> [Directions]:
Would you restate the full listing word for word and omit its pictures?

> [Information supplied]:
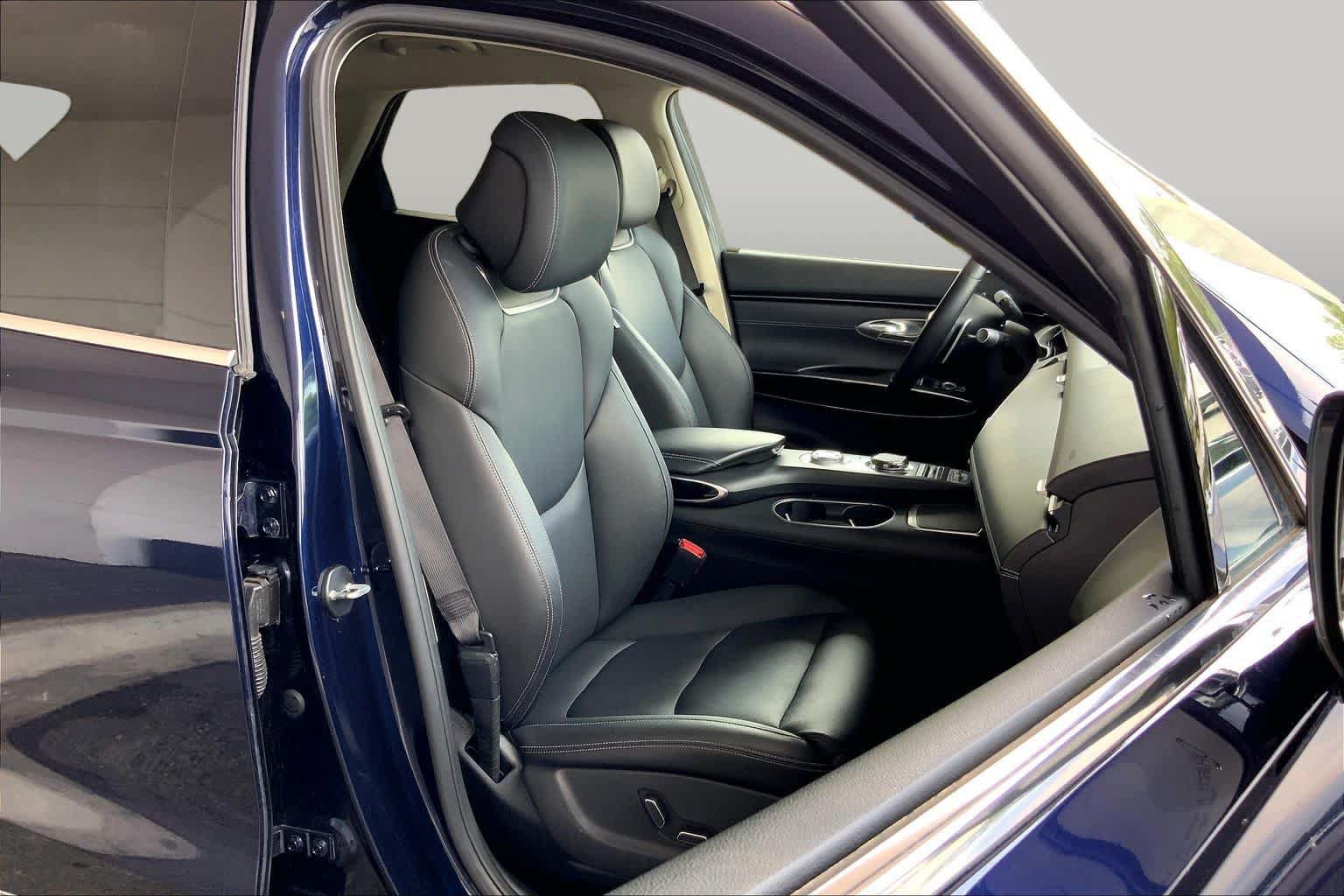 Used 2025 Genesis GV70 2.5T AWD/4WD image 9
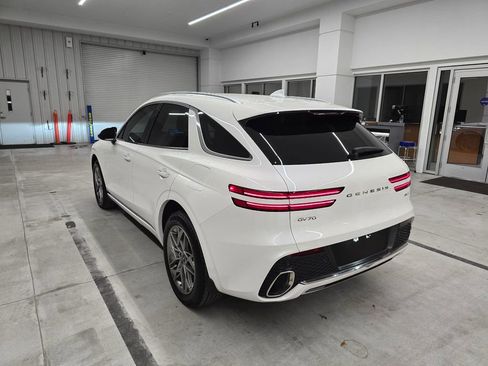 Used 2025 Genesis GV70 2.5T image 4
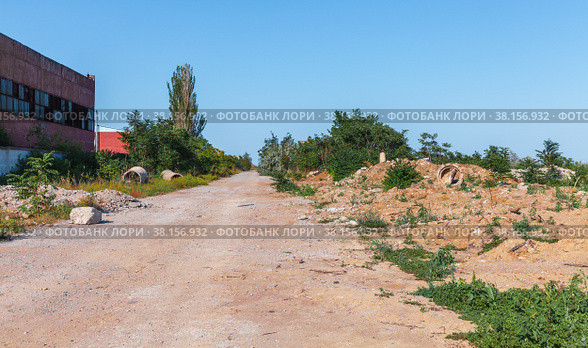 Road along abandoned unfinished Crimean Atomic Energy Station (2020 год). Стоковое фото, фотограф EugeneSergeev / Фотобанк Лори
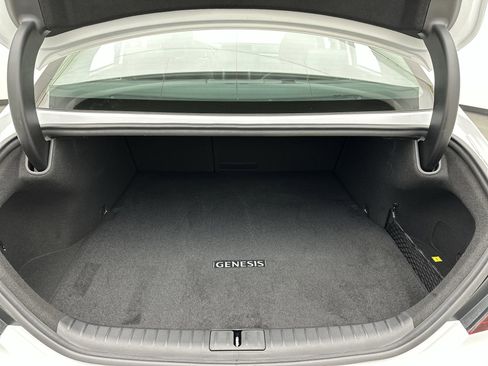 Certified 2026 Genesis G70 2.5T AWD/4WD image 23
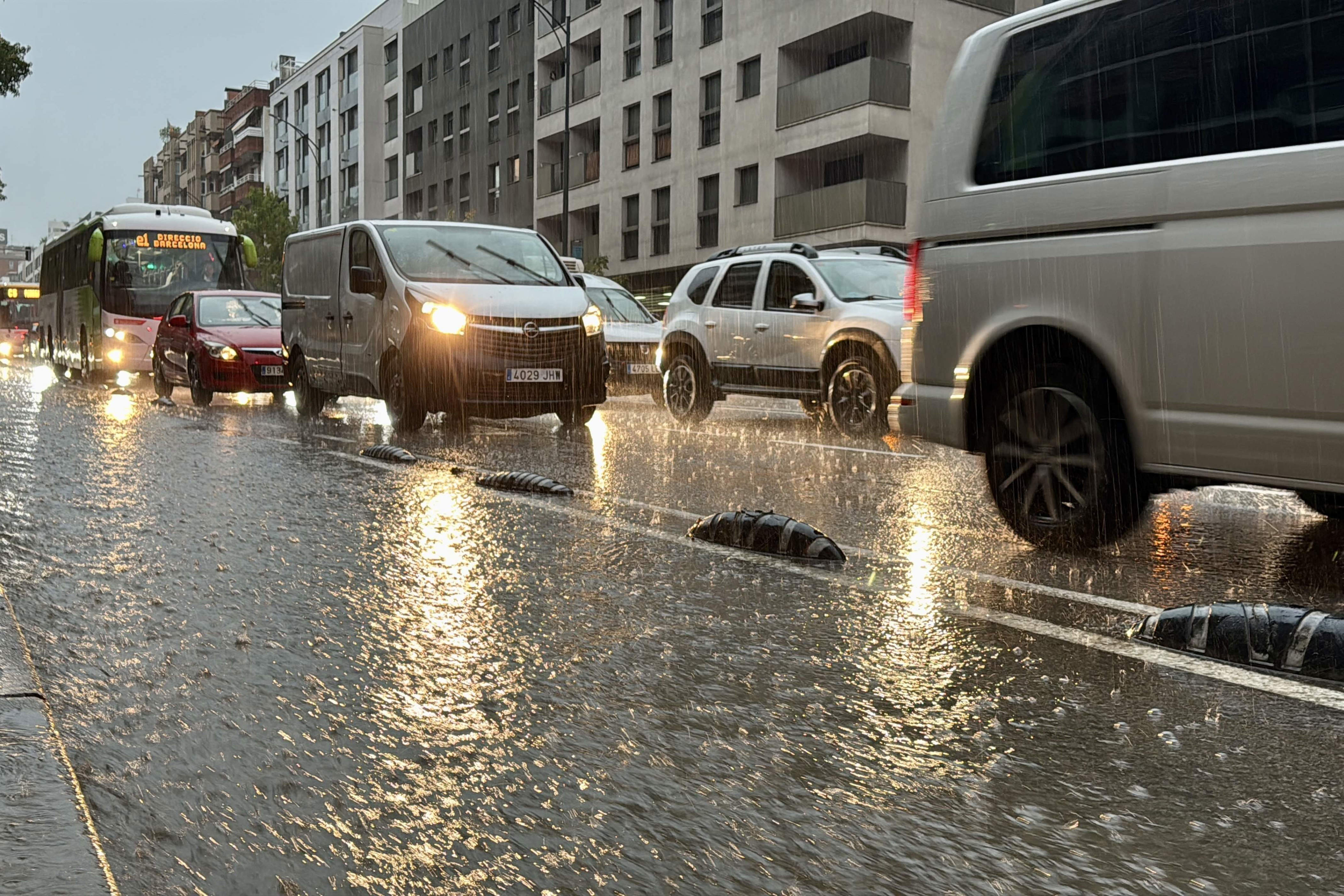 El temporal de lluvia en Barcelona y Catalunya, en imágenes | VÍDEOS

> [Finished exercise]:
 Used 2025 Genesis GV70 2.5T AWD/4WD image 9
 Used 2025 Genesis GV70 2.5T image 4
 Road along abandoned unfinished Crimean Atomic Energy Station (2020 год). Стоковое фото, фотограф EugeneSergeev / Фотобанк Лори
 Certified 2026 Genesis G70 2.5T AWD/4WD image 23
 El temporal de lluvia en Barcelona y Catalunya, en imágenes | VÍDEOS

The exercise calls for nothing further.